Langleben is a graduate of the Hebrew University Hadassah School of Medicine in Israel. He completed a residency in psychiatry at Mount Sinai Hospital in New York and a fellowship in addiction psychiatry at the University of California-San Francisco.
“The addition of Dr. Langleben to our faculty allows for continued expansion of our existing clinical experience with cutting-edge molecular research,” Shapiro said. “By doing so, we will press forward in the quest to find answers to some of the most devastating illnesses, like addiction, plaguing our generation.”
Langleben is currently a professor of psychiatry at the Perelman School of Medicine and an attending psychiatrist at Penn Medicine and the Philadelphia VA Medical Center. Board certified in psychiatry and neurology by the American Board of Psychiatry and Neurology, he also holds a special qualification in addiction psychiatry and is a Distinguished Fellow of the Annenberg Public Policy Center.
An active researcher, Langleben has penned dozens of academic papers focused on the brain and multiple topics including heroin dependence, lying, attention deficit disorder and how the physical attributes of infants influences caretaking by adults. He is recognized internationally for developing a revolutionary technique for using functional magnetic resonance imaging (MRI) as a means of lie detection.
Langleben has served on numerous academic and institutional committees as well as editorial positions with several academic publications.

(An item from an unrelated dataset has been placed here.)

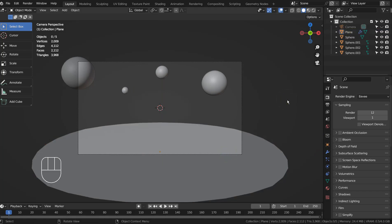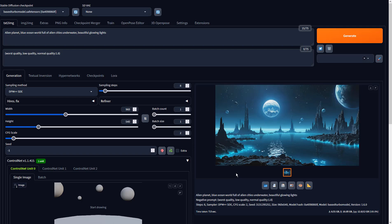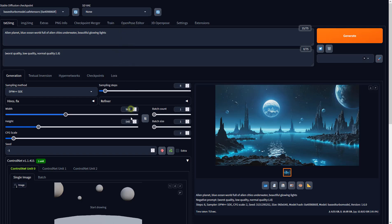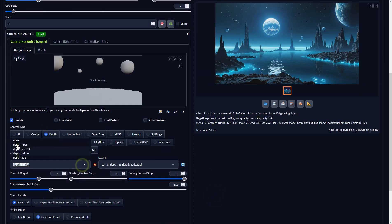Please render the image and import it in stable diffusion. I'll share the full prompts in the description below. Please set the preprocessor to None and select the correct depth model.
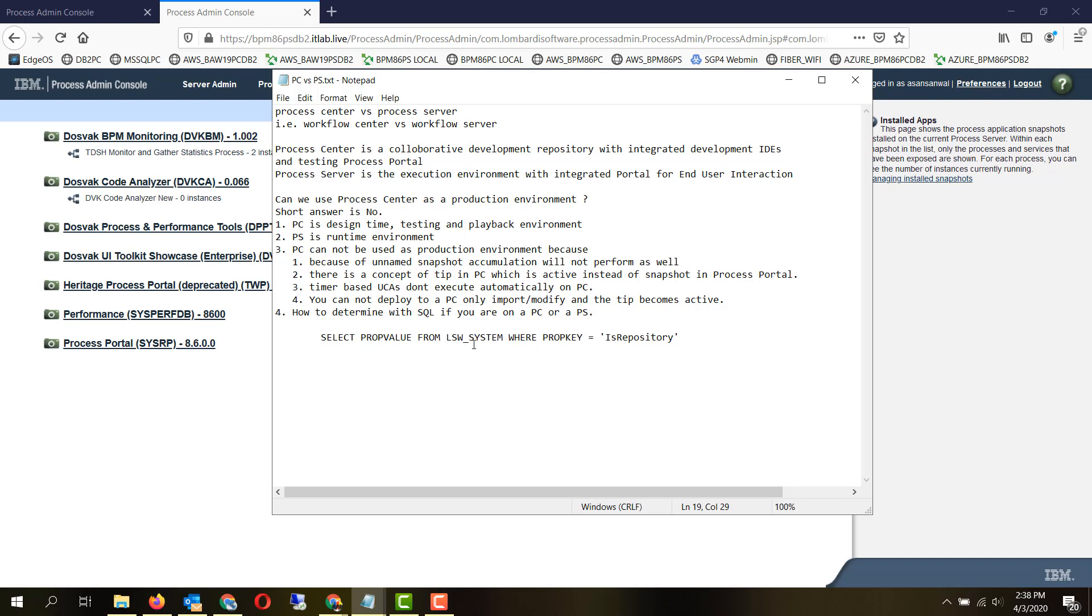The way to identify that is with this SQL query. The table LSW_SYSTEM contains property keys and property values out of which IS_REPOSITORY is a key which identifies whether the current environment is a workflow center or a process center as compared to a process server.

About the Maier Foundation
The Maier Foundation is a private, non-profit, charitable corporation for the furtherance of higher education in West Virginia and of higher education of West Virginia residents attending other colleges and universities.
The foundation was established 1958 as the Sarah and Pauline Maier Scholarship Foundation by William J. Maier Jr. in honor of his mother and wife. Maier, a West Virginia native who graduated from Harvard College and Harvard Law School, bestowed the first gift on his alma mater, Harvard College, where a scholarship endowment was established to help others from West Virginia and Ohio. The foundation was renamed the Maier Foundation in 2003.
The Maier Foundation and its associated company, General Corporation, have graciously awarded Marshall University nearly $5 million in gifts, including the Latin Cup Awards & Scholarships, the William J. Maier Writing Awards, the Yeager Scholars Program, the Maier Clinical Research Professorship, and now the Maier Professor and Director of Addiction Sciences.